● Problem requirements:
Leave the pictures out, and repeat exactly every line from the one with "Abstract underwater view" through the end of the data below.

● Recorded data:

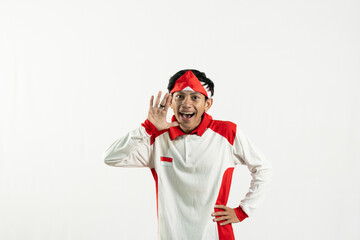 asian young man posing with his index finger, celebrating independence day 17 august, independence day concept, isolated white background. the man's hand was raised in a celebratory gesture 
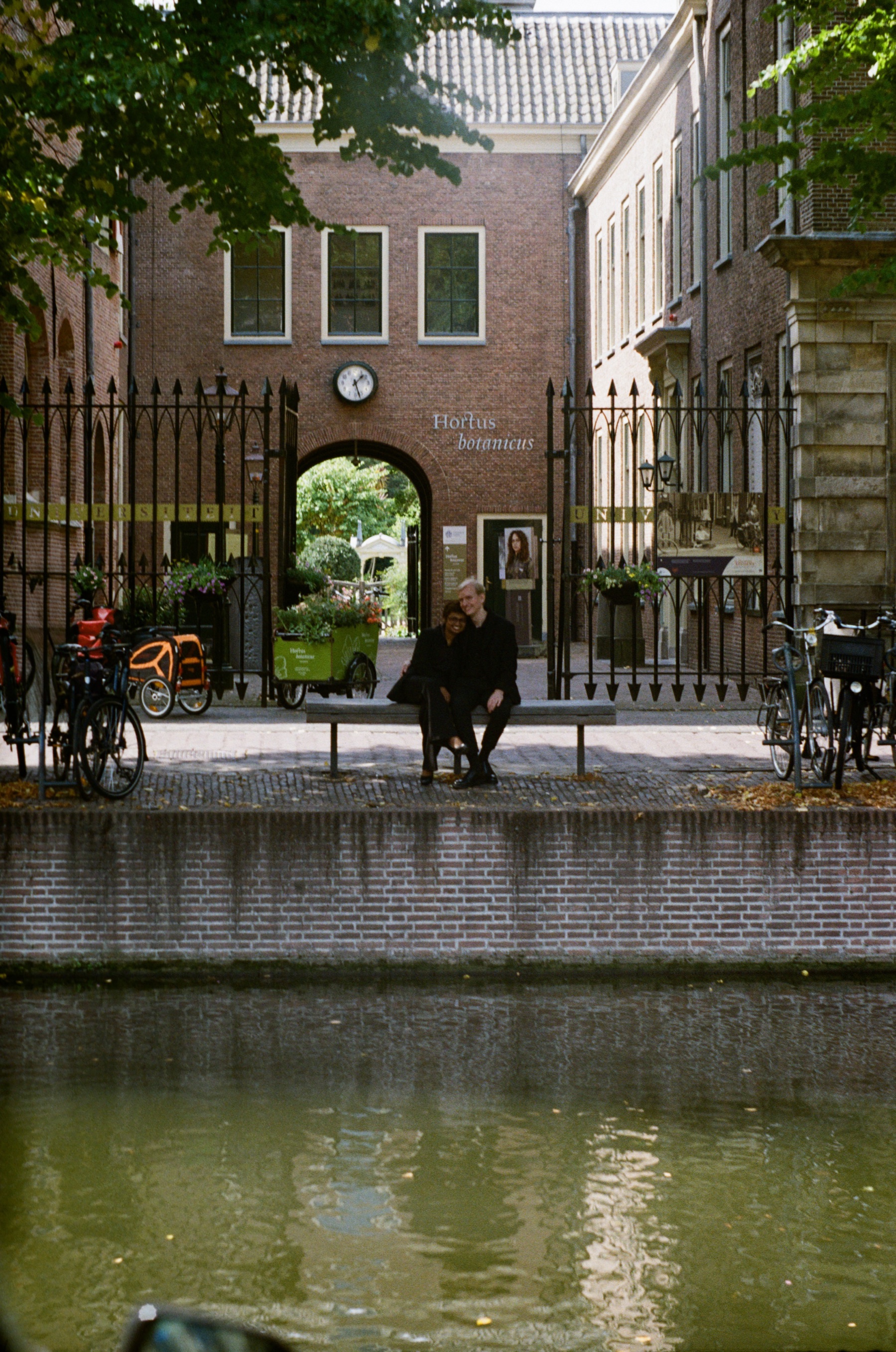 Couple on a bench before the Hortus botanicus gate across the Rapenburg in Leiden, green canal water in the foreground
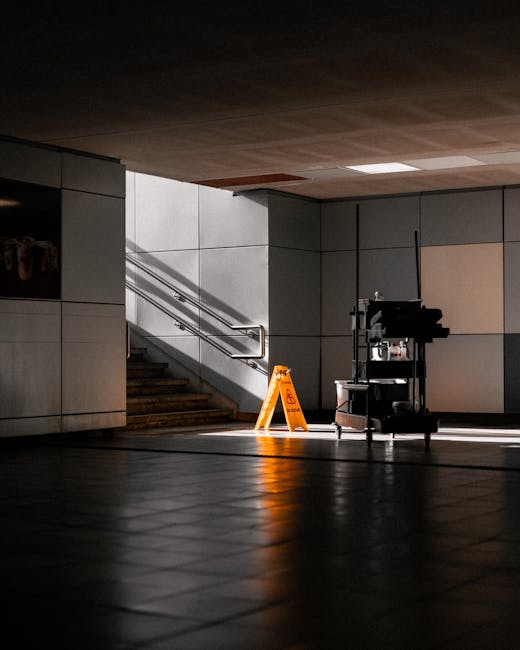 A team of three professional domestic cleaners from Cleaners Docklands is engaged in surface cleaning and deep cleaning of a modern living room. They are dressed in matching uniforms, with one holding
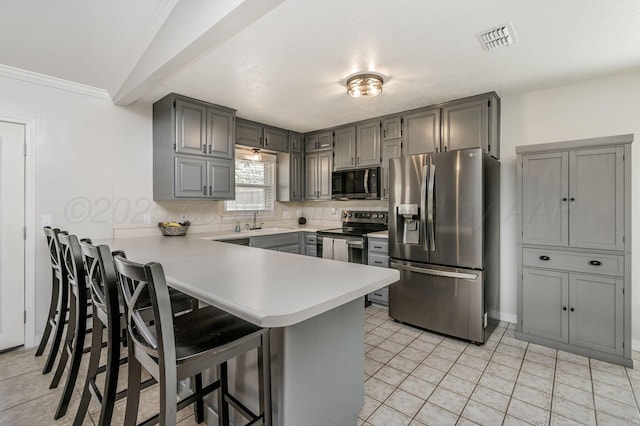 kitchen featuring kitchen peninsula, gray cabinetry, stainless steel appliances, sink, and light tile patterned floors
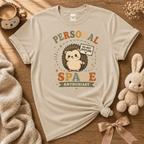 Personal Space Enthusiast cute animal graphic t-shirt displayed in a cozy flat lay in sand.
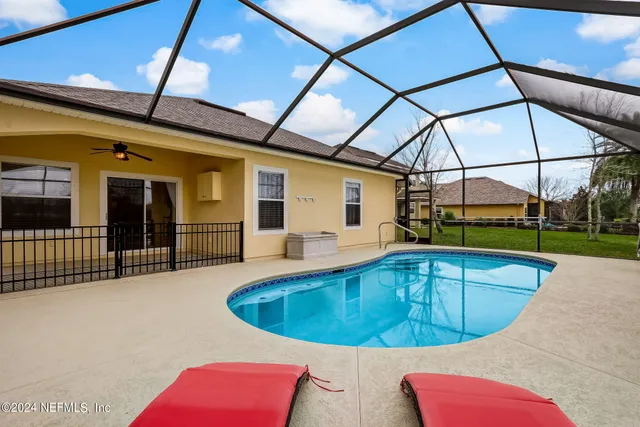a view of a lake with houses in the back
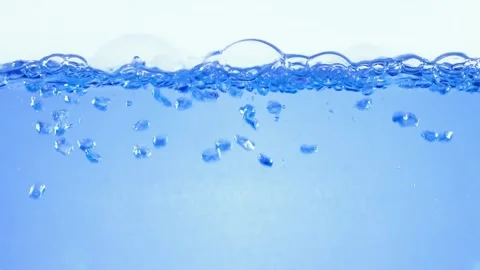 Abstract underwater view with rising air bubbles and surface ripple motion .. Stock Footage 337349930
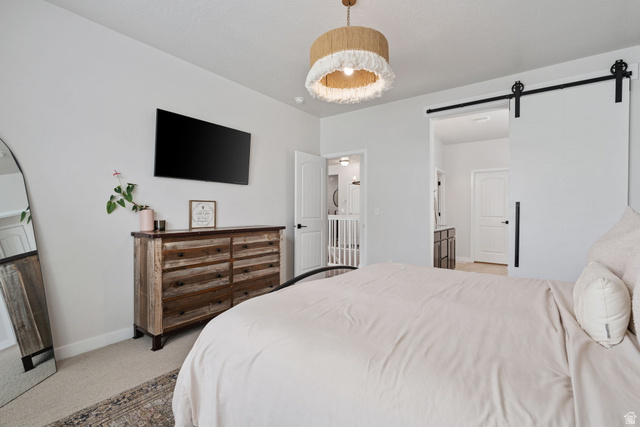1002 South Yarrow Drive Mapleton, UT 84664 - Photo 15 of 39 Spacious room with a barn door entrance, recessed lighting, and a modern ceiling fixture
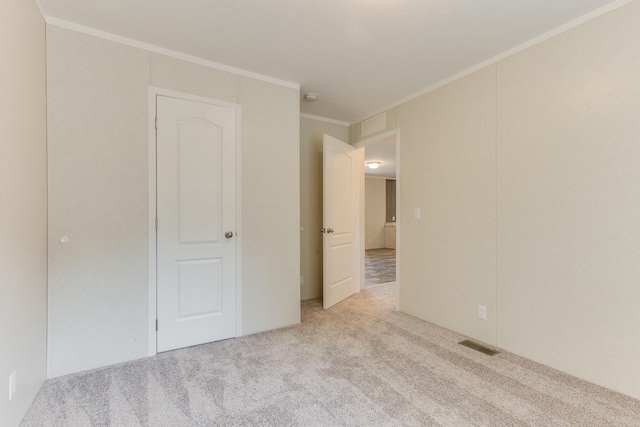 575 Gallery Dr Unit 48, Eaton Rapids, MI 48827 - empty room with carpet floors and crown molding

● Answer for the task:
 Abstract underwater view with rising air bubbles and surface ripple motion .. Stock Footage 337349930
1002 South Yarrow Drive Mapleton, UT 84664 - Photo 15 of 39 Spacious room with a barn door entrance, recessed lighting, and a modern ceiling fixture
 575 Gallery Dr Unit 48, Eaton Rapids, MI 48827 - empty room with carpet floors and crown molding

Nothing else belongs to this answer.